◆ **PROBLEM**
Return the following lines and nothing else: the one holding "Dover's top scorer" and all those after it in the records below, unchanged, minus any pictures.

[Short web captions]
::::
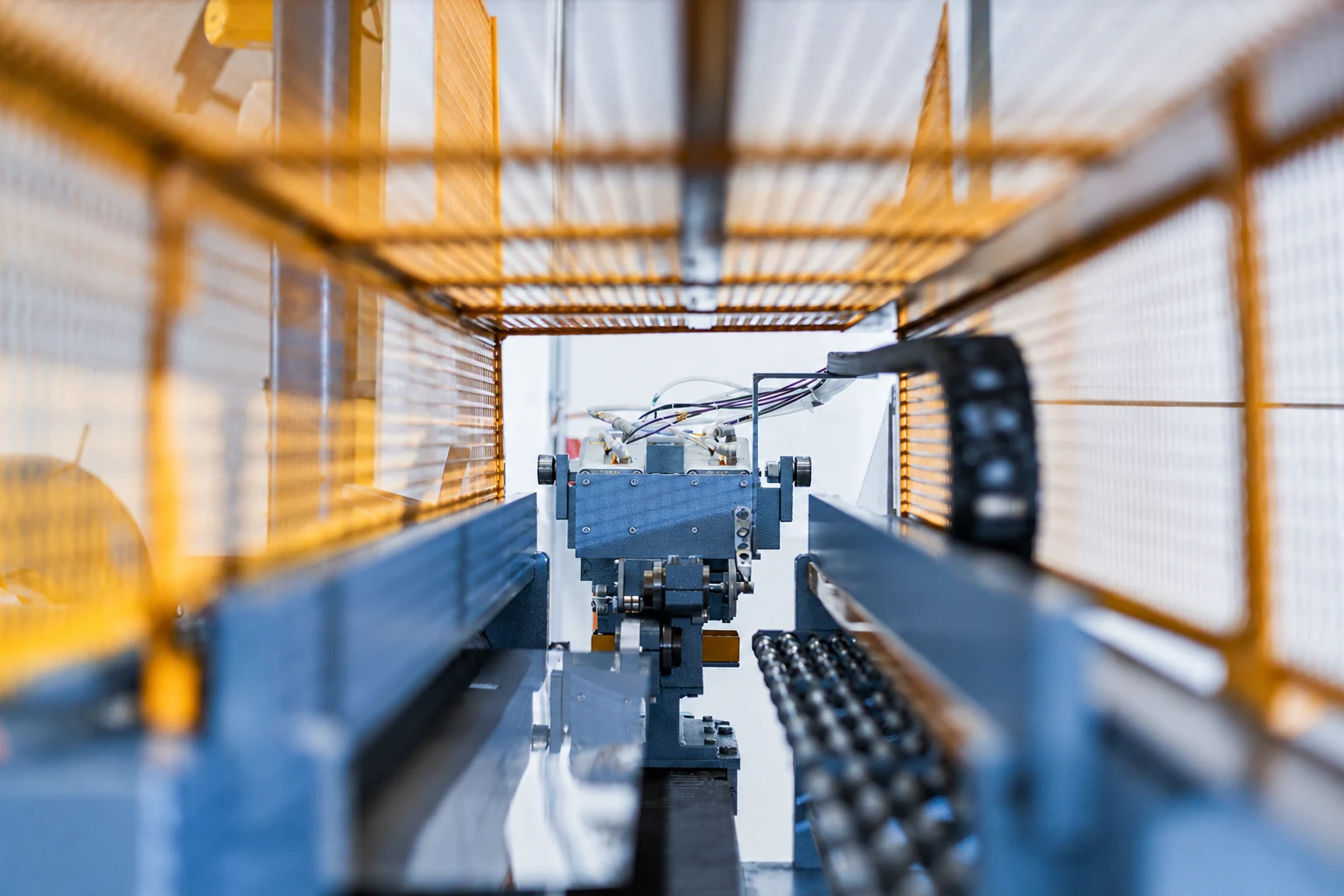 Schneidkopf der CNC-Anlage zwischen gelben Schutzgittern bei MECO-TECH.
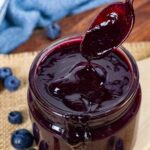 Blueberry barbecue sauce in a jar with a spoon pouring sauce into the jar.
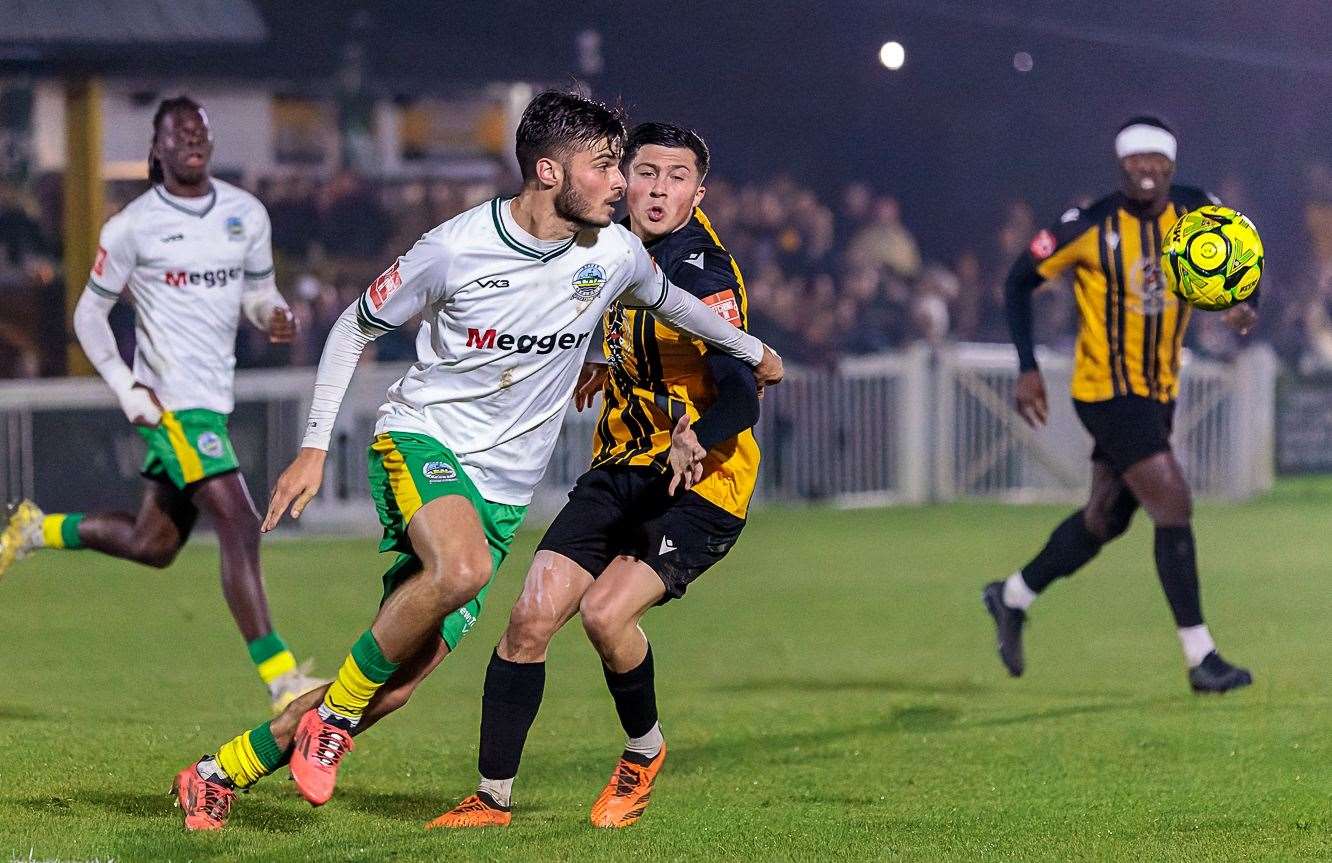 Dover's top scorer George Nikaj does his defensive duties, trying to get away from Folkestone left-back Frankie Morgan. Picture: Helen Cooper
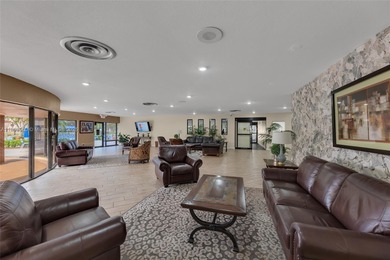 Newly reduced price! Welcome to this quiet, end unit on the 4th on Sunrise Lakes Phase IV Golf Course in Florida - for sale on GolfHomes.com, golf home, golf lot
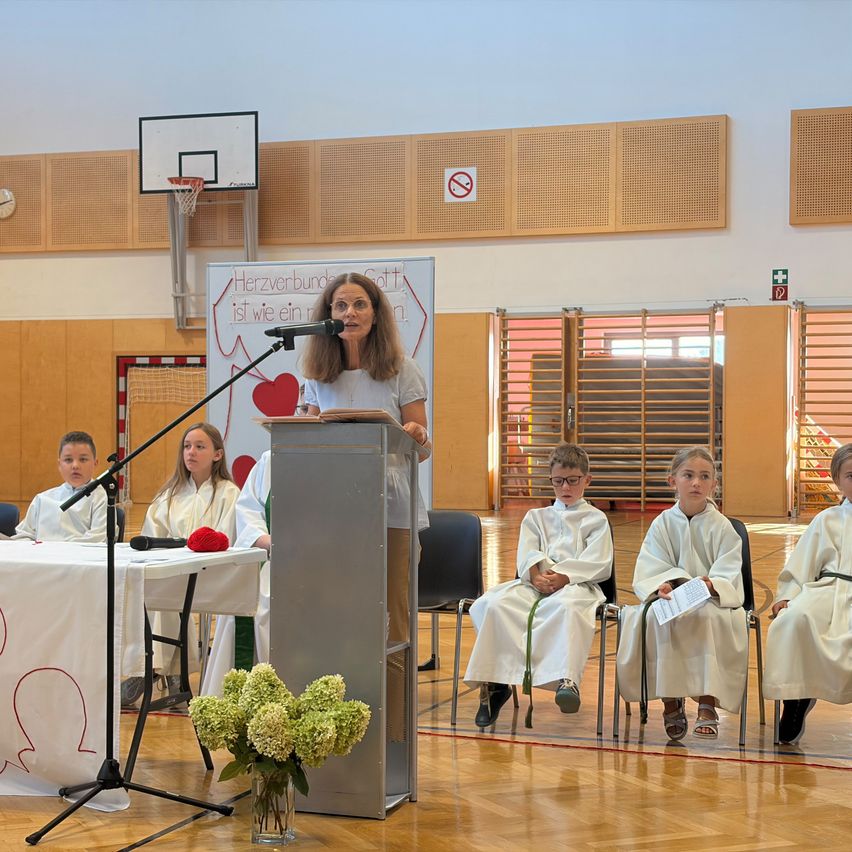 A woman speaks at a podium in a gymnasium, surrounded by children in white robes. A basketball hoop and a sign are visible in the background.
::::
◆ **ANSWER FOR THIS EXERCISE**
 Dover's top scorer George Nikaj does his defensive duties, trying to get away from Folkestone left-back Frankie Morgan. Picture: Helen Cooper
 Newly reduced price! Welcome to this quiet, end unit on the 4th on Sunrise Lakes Phase IV Golf Course in Florida - for sale on GolfHomes.com, golf home, golf lot
 A woman speaks at a podium in a gymnasium, surrounded by children in white robes. A basketball hoop and a sign are visible in the background.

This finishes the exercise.